Write back every entry exactly as it reads, with the pictures left behind.

Short text fragments from websites
╭──
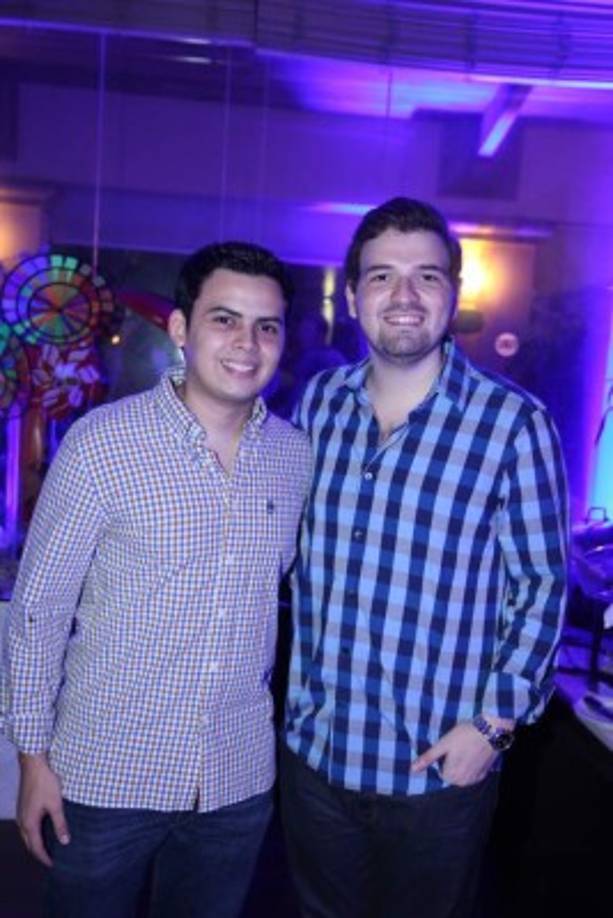 Rodolfo Bueso y William Wolozny.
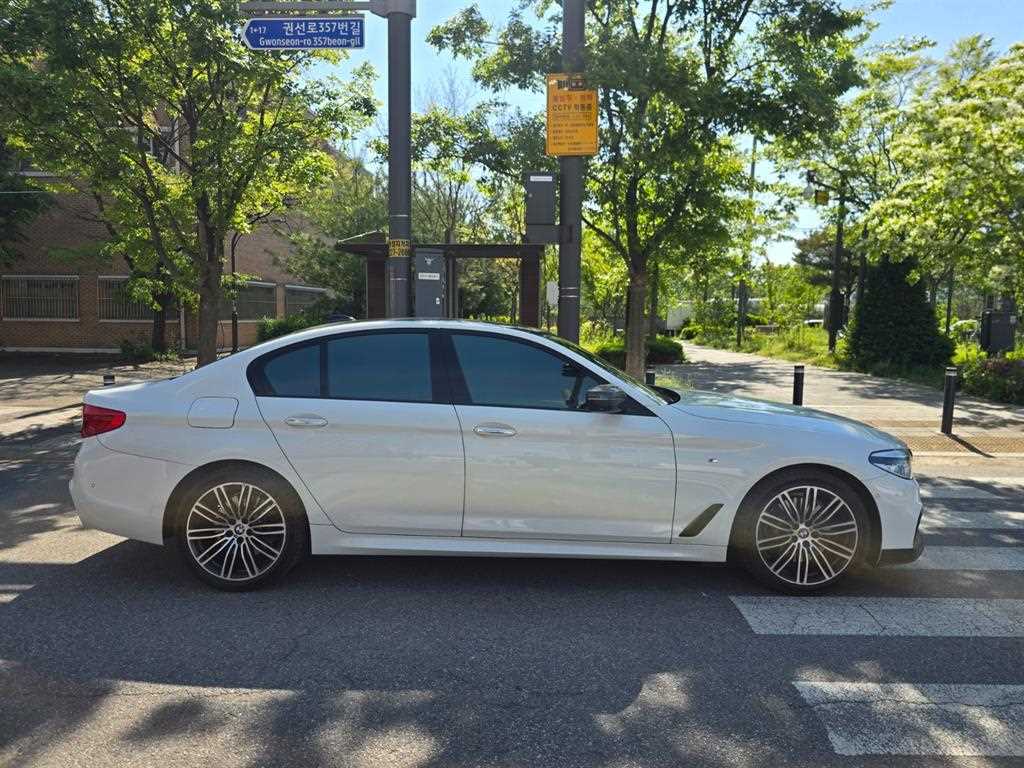 BMW 5 Series - Vista 3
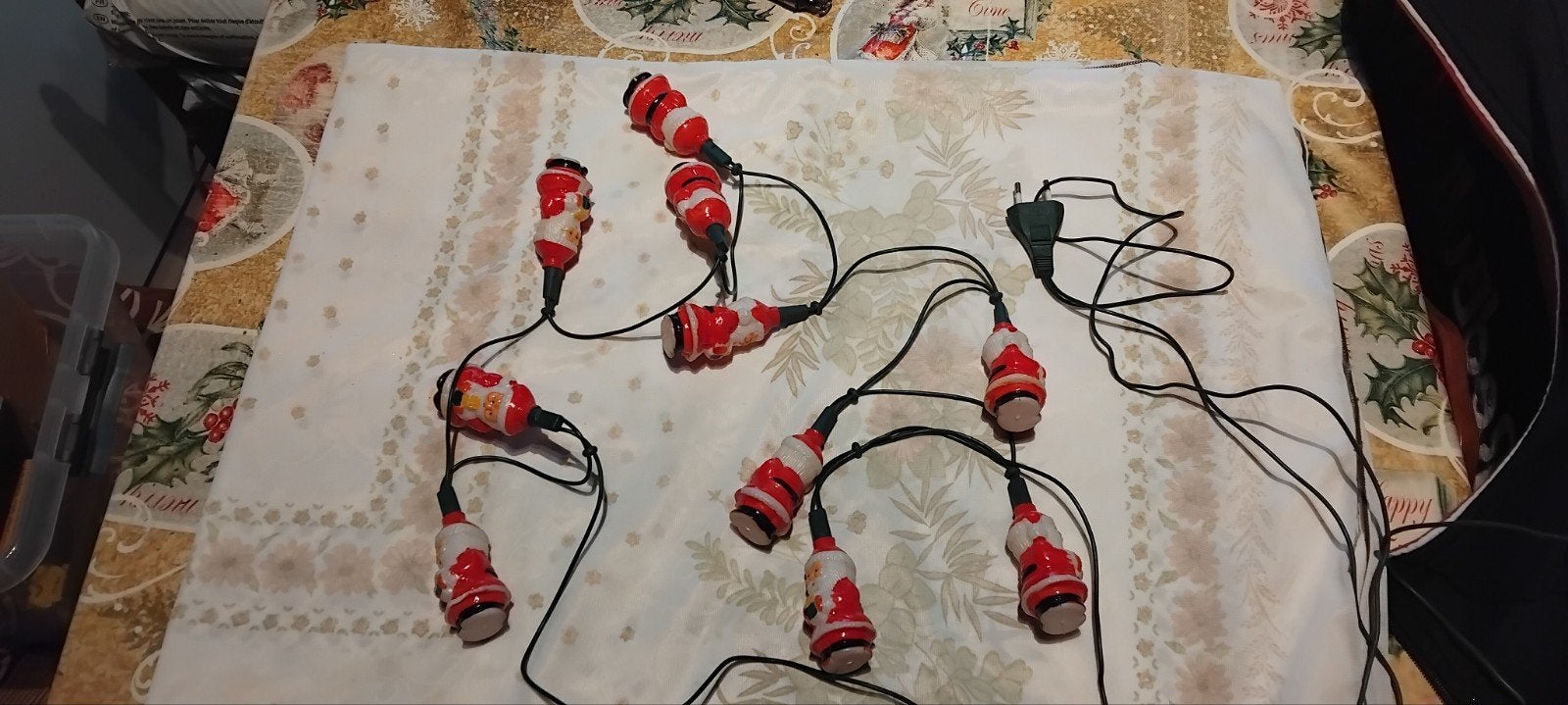 guirlande de Noël  avec  10 père Noël en plastique, Ophalen, Gebruikt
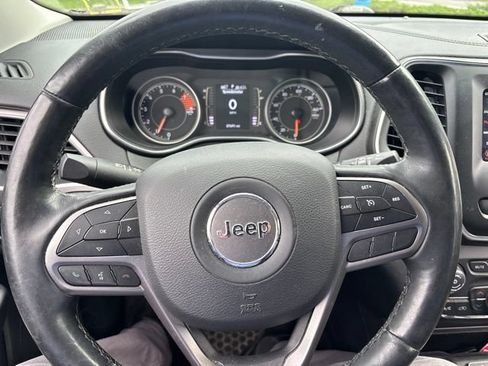 Used 2019 Jeep Cherokee Latitude Plus w/ Comfort/Convenience Group AWD/4WD image 16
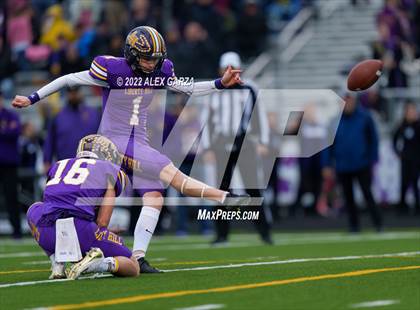 Thumbnail 1 in Alamo Heights vs. Liberty Hill (UIL 5A D2 Region 4 Semifinal) photogallery.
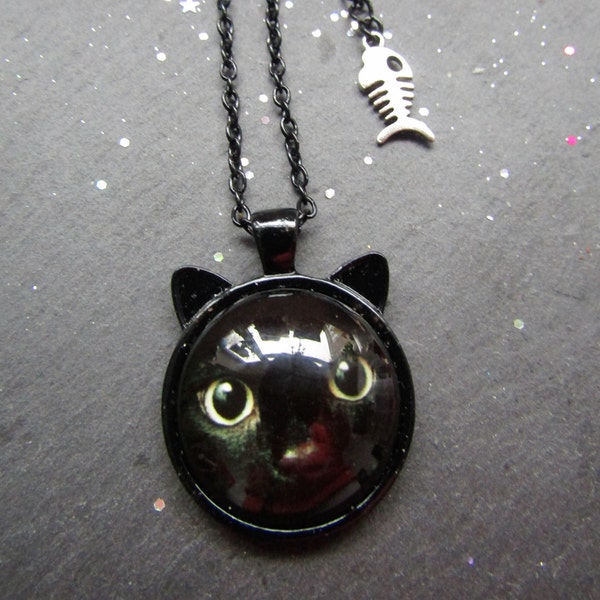 Black cat cute face necklace, black necklace, black cat jewellery, cat face necklace, cabochon cat, black necklace, yellow jade, funny cat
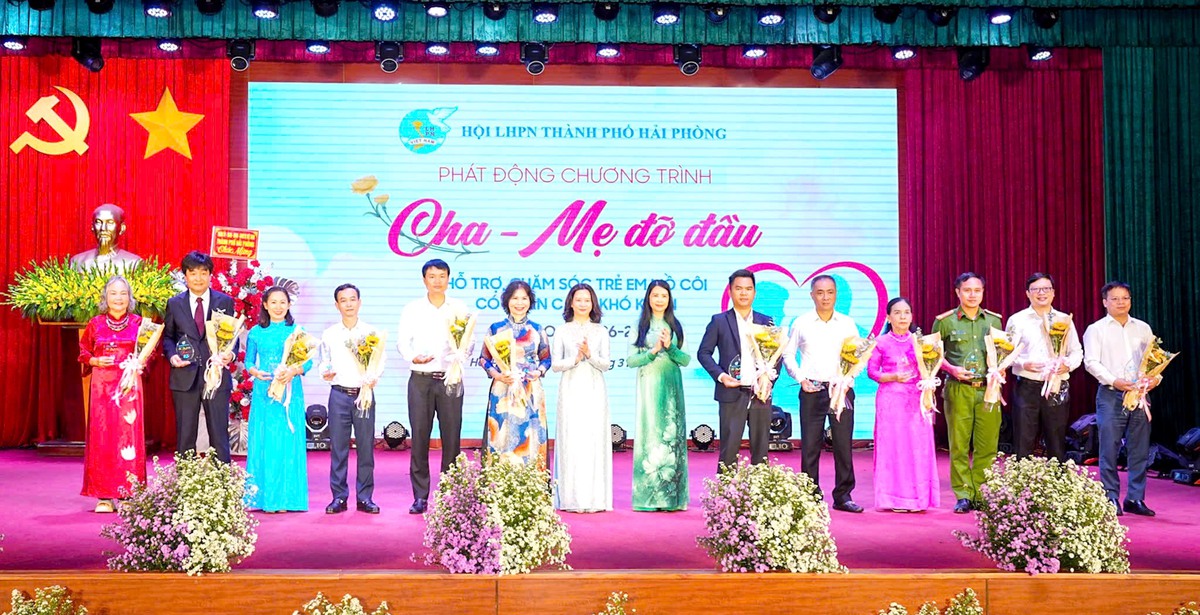 Mô hình "Cha - Mẹ đỡ đầu" tại Hải Phòng: Dang rộng vòng tay yêu thương tới những trẻ em mồ côi- Ảnh 2. Mô hình "Cha - Mẹ đỡ đầu" tại Hải Phòng: Dang rộng vòng tay yêu thương tới những trẻ em mồ côi- Ảnh 2.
╰──
> [THE ANSWER]
 Rodolfo Bueso y William Wolozny.
 BMW 5 Series - Vista 3
 guirlande de Noël  avec  10 père Noël en plastique, Ophalen, Gebruikt
 Used 2019 Jeep Cherokee Latitude Plus w/ Comfort/Convenience Group AWD/4WD image 16
 Thumbnail 1 in Alamo Heights vs. Liberty Hill (UIL 5A D2 Region 4 Semifinal) photogallery.
 Black cat cute face necklace, black necklace, black cat jewellery, cat face necklace, cabochon cat, black necklace, yellow jade, funny cat
 Mô hình "Cha - Mẹ đỡ đầu" tại Hải Phòng: Dang rộng vòng tay yêu thương tới những trẻ em mồ côi- Ảnh 2. Mô hình "Cha - Mẹ đỡ đầu" tại Hải Phòng: Dang rộng vòng tay yêu thương tới những trẻ em mồ côi- Ảnh 2.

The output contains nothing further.